◆ **What the task asks**: Verbatim output of the lines below is required, with the images omitted.

◆ **Data**:
##############################
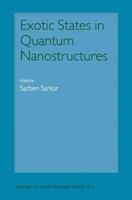 Exotic States in Quantum Nanostructures 1402010303 Book Cover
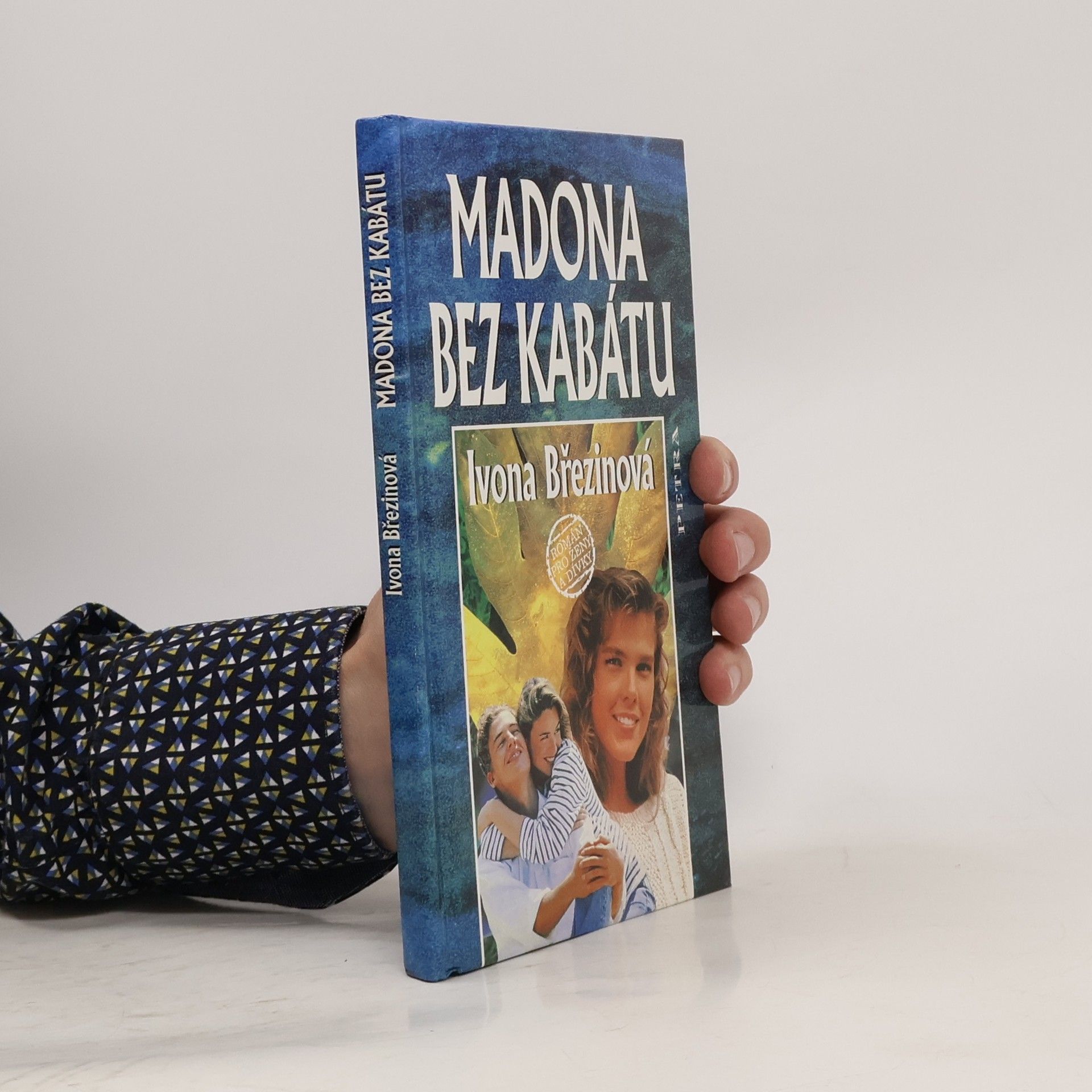 Ivona Březinová Madona bez kabátu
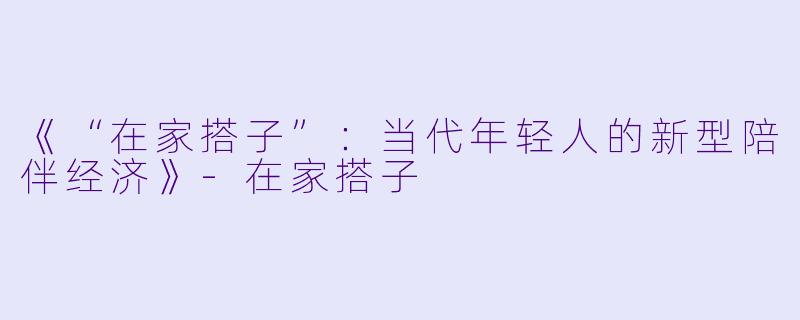 《“在家搭子”：当代年轻人的新型陪伴经济》-在家搭子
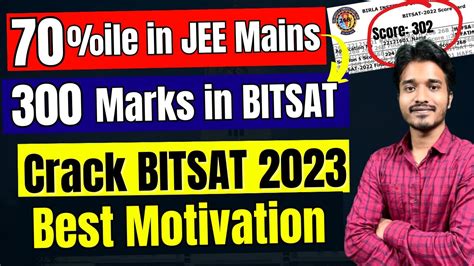 Crack Bitsat With Low Percentile In Jee Best Motivation For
##############################
◆ **Output below**:
 Exotic States in Quantum Nanostructures 1402010303 Book Cover
 Ivona Březinová Madona bez kabátu
 《“在家搭子”：当代年轻人的新型陪伴经济》-在家搭子
 Crack Bitsat With Low Percentile In Jee Best Motivation For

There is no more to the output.